Sorprendida de su propio nervio, levantó a Joey y lo sostuvo entre sus brazos. El instinto maternal la impulsó a salvar al hijo sin considerar el propio desgaste, y la desesperación puso en acción sus últimas reservas de adrenalina.

Charlie se colocó a su lado. Pudo mantenerse sobre los pies, pero ofrecía mal aspecto, casi tan malo como el de Joey.

—¡Necesitamos alcanzar el bosque! —gritó ella—. ¡Hemos de alejarnos de este viento!

Christine no creyó que él la hubiese oído, que no era posible con aquella virulenta borrasca bramando a través del prado, pero Charlie asintió como si hubiese adivinado su intención, y todos se sumieron en la blancura, esperando que la brújula los guiase hasta el abrigo relativo de los colosales árboles, arrastrando los pies con exagerada cautela para no caer de nuevo en otra trampa de la nieve.

Christine miró hacia atrás. Chewbacca se levantó para seguirles, pero muy desmadejado. Aunque pudiera mover las patas, tendría pocas probabilidades de llegar hasta los árboles. Ésta sería, con toda probabilidad, la última vez que vería al animal; la tormenta lo engulliría, al igual que el pozo había intentado engullirla a ella.

Cada paso fue una dura prueba.

Viento. Nieve. Frío cruel.

Sería más probable morir que seguir adelante.

Ése pensamiento la asustó y le infundió la voluntad necesaria para dar unos cuantos pasos más.

Existía un detalle favorable: no cabía duda de que su rastro quedaría borrado por completo. El viento furioso y la atroz nevada ártica harían imposible que los secuaces de la Spivey les siguieran. La nieve cayó del cielo como si la vertieran de inmensas tinajas, descendió rauda en forma de sábanas y aglomerados.

Otro paso… Y otro más.

Como si quisiera revestirlos con armaduras, el viento les cubrió con nieve brazos y piernas, pecho y espalda hasta que sus ropas se mimetizaron con el paisaje.

Algo apareció al frente. Una forma oscura.

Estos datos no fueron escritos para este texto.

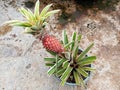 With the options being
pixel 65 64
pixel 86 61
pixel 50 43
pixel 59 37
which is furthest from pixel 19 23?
pixel 59 37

Se materializó en la tormenta por unos instantes; luego, una ráfaga todavía más furiosa de nieve la eclipsó. Reapareció de nuevo. Ésta vez no se esfumó. Y surgió otra. Enormes borrones de oscuridad. Formaciones espectrales que aparecían más allá de las blancas cortinas. Poco a poco sus siluetas se perfilaron, se definieron mejor. Sí. Un árbol. Varios árboles.

Se internaron en el bosque al menos cuarenta metros, hasta encontrar un lugar donde las ramas entrelazadas sobre sus cabezas eran tan espesas que apenas dejaban pasar la nieve. La visibilidad mejoró. Asimismo se libraron de los puños brutales del tiempo.

Christine se detuvo, dejó en el suelo a Joey y le quitó el pasamontañas cubierto con una costra de nieve. Cuando miró su cara, el corazón le dio un vuelco.